I just received my stash of VMs Legend Guevara, and unfortunately this is not my kind off juice.
It looks like i might be a @Rob Fisher, and just not have the taste buds to appreciate a complex juice.

So i am willing to swap a almost full bottle of Guevara for any other Legends range..any takers?

Reactions: Like 1


----------



## johan (1/4/14)

I can offer you a Monroe and/or Lee for the Guevara?


----------



## TylerD (1/4/14)

Dean for Guevara?


----------



## Rex Smit (1/4/14)

Done


----------



## johan (1/4/14)

Who?


----------



## Rex Smit (1/4/14)

oops...looks like i have 2 takers...
I think i will go with @johan, as he was 1st...and he lives much closer to me.


----------



## TylerD (1/4/14)

cool stuff.


----------



## johan (1/4/14)

Thanks - shall we swop at the vape meet?


----------



## TylerD (1/4/14)

But in anyway, If someone want to swop my Dean for any other Legend, please let me know.


----------



## Rex Smit (1/4/14)

I am not sure if i can make it to the vape meet yet.
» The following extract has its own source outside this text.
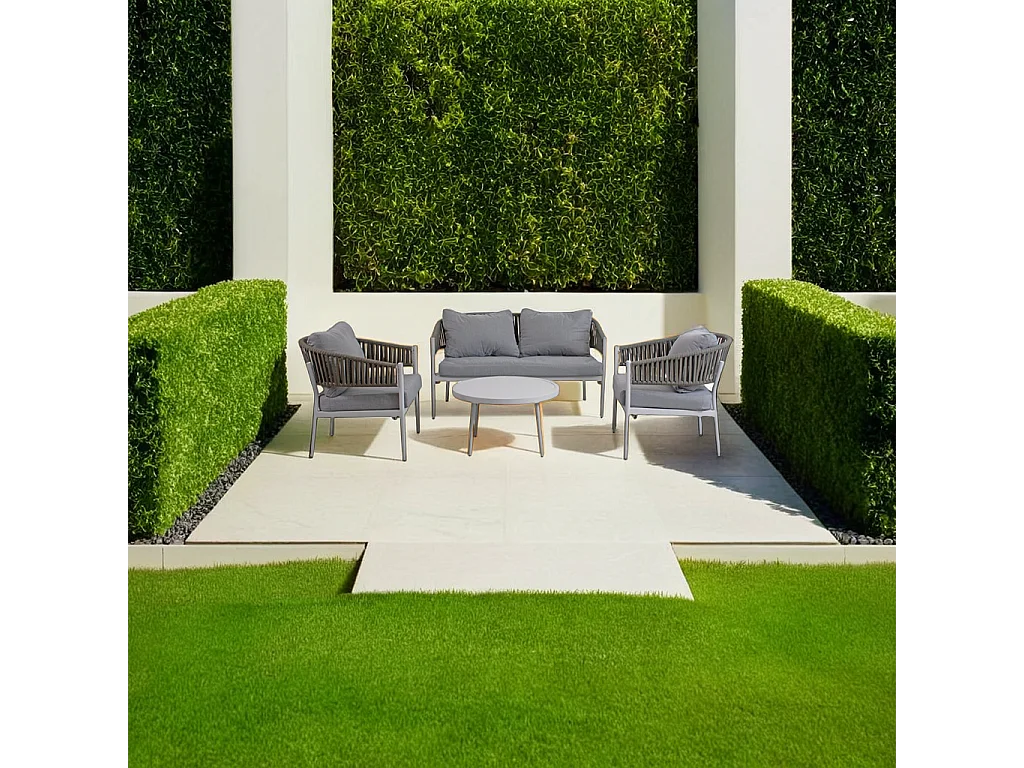 Salotto completo in alluminio bianco e corda Raul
But i will l will let you know


----------



## johan (1/4/14)

I would like the Dean @TylerD - all depends what @Rex Smit would like to take Monroe or Lee and if you willing to swop whichever one is left?


----------



## johan (1/4/14)

Rex Smit said:


> I am not sure if i can make it to the vape meet yet. But i will l will let you know



No problem I'm here most of this week.


----------



## Metal Liz (13/5/14)

I'll swop you your Dean for a Legendary Smile @TylerD hahaha 

Sent from my GT-I9500 using Tapatalk

Reactions: Funny 2


----------



## Sir Vape (13/5/14)

I have around + 3/4 of a bottle of Guevara that i would like to swop for a legend. I have Dean so either Lee or Monroe would be great. Anyone interested let me know


----------